The solution for business owners is to plan for longer cycles. This may mean increasing working capital buffers, tightening credit terms or renegotiating payment schedules with customers and suppliers.
5. Actively pursue regional markets as global routes become uncertain
While some global markets are becoming harder to access, opportunities in Africa are expanding.
Trade frameworks such as the African Continental Free Trade Area (AfCFTA), alongside the East African Community and Comesa, are lowering barriers and simplifying cross-border trade in Africa.
“There will be demand for Kenyan goods,” Kithinji said, adding that other African markets are also opening up.
For a business owner, do not wait for traditional markets to stabilise. Start exploring regional demand now, even on a small scale, and build distribution networks in Africa.
6. Prioritise liquidity before profitability
One of the strongest messages from the sessions was the importance of liquidity.
Absa Bank Kenya global markets director Stella Mambo said businesses must rethink how they manage cash in uncertain environments.
“Liquidity becomes key. Ask yourself what the benchmark rate is, when does cashflow become a problem?” she said.
This shifts the focus from profit to survival. A profitable business can still fail if it cannot meet its short-term obligations.
For business owners, this means stress-testing cash flow. At what point do rising costs or delayed payments create strain? What buffers are in place? Those answers should guide decisions on pricing, borrowing and expansion.

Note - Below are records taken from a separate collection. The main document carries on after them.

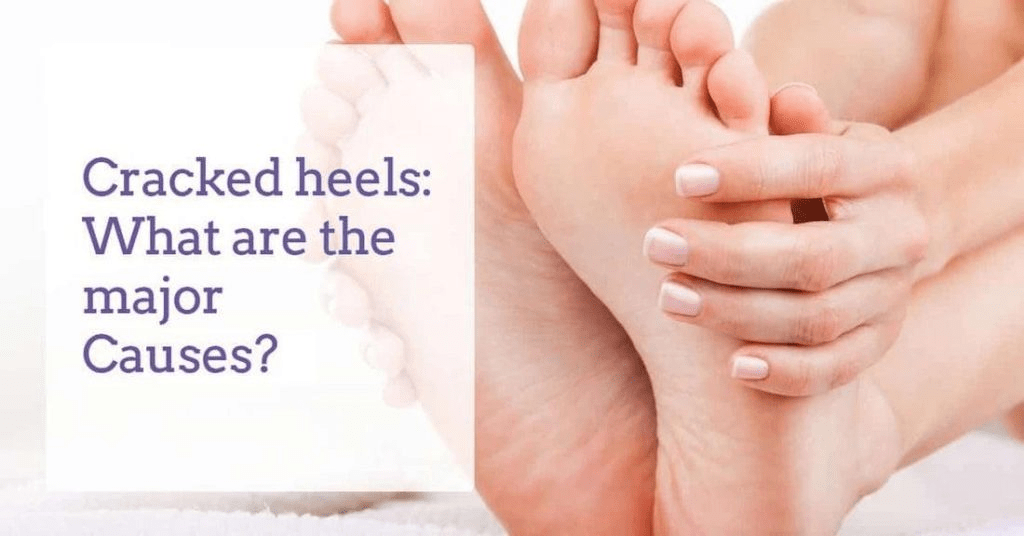 Heel Fissures Causes, Treatment, and Prevention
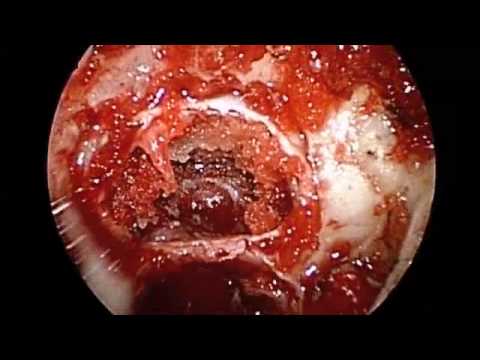 Endoscopic Removal of Pituitary Tumor Followed by Reconstruction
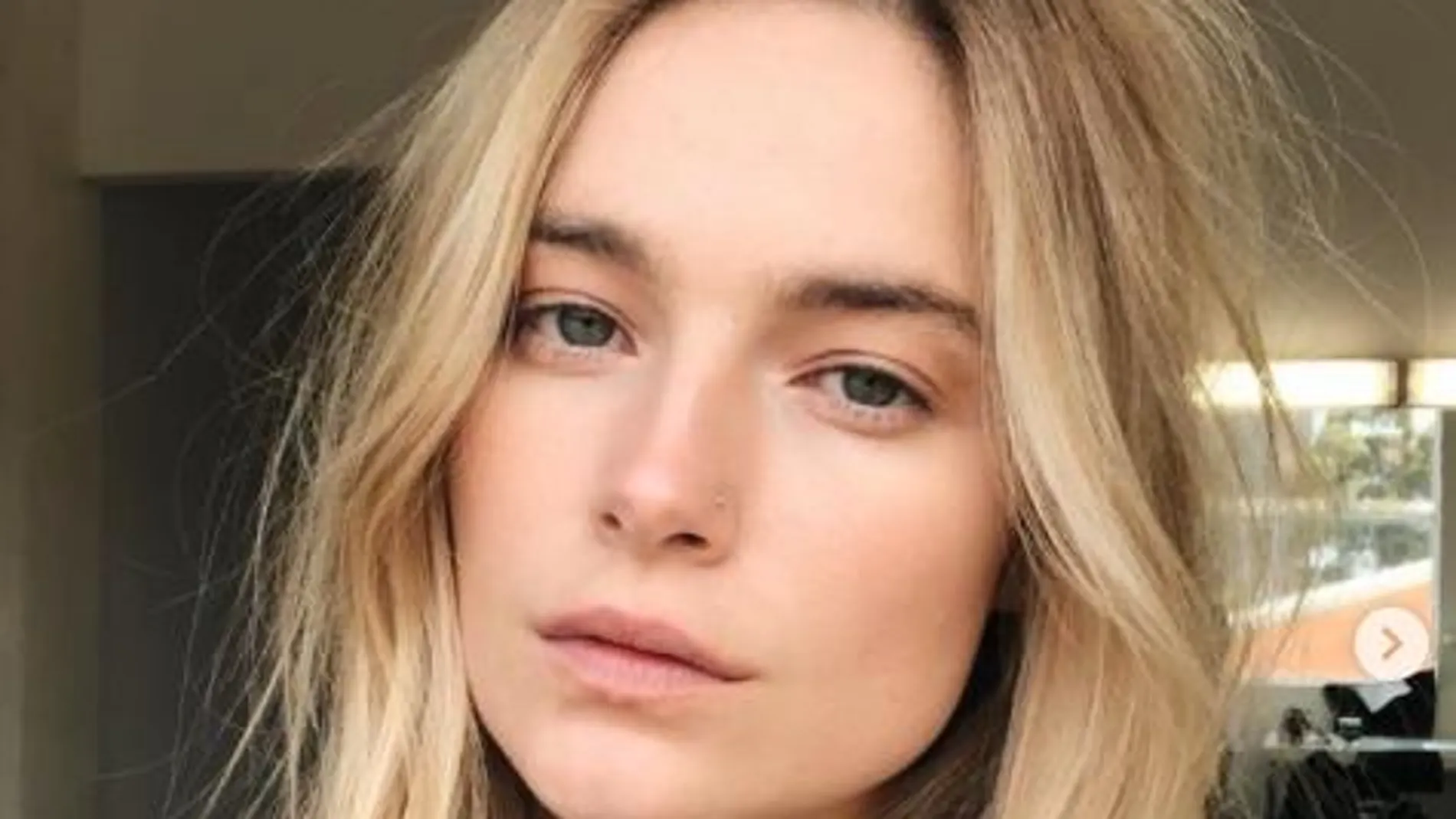 Bridget Malcolm puso en riesgo su salud para cumplir su sueño de ser una Ángel de Woman's Secret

7. Manage currency and inflation risks proactively
Currency volatility and inflation are emerging as major pressure points.
Absa Bank global markets sales head Victor Waruingi said global instability is already affecting capital flows, remittances and the cost of imports.
Data shows that inflation uncertainty is expected to hit sectors such as food and beverage, transport, housing, hospitality, clothing and education. Beyond that, there are wider implications for monetary policy, the cost of doing business and consumer demand. External accounts are also under pressure, with remittances weakening and financial flows becoming more cautious.
“We expect the currency to remain stable in the short term but weaken over time,” Waruingi said.
For businesses, the response is to actively manage exposure. This includes reviewing pricing strategies, considering hedging options where possible and reducing reliance on foreign currency debt, especially as US dollar borrowing rates are expected to rise further.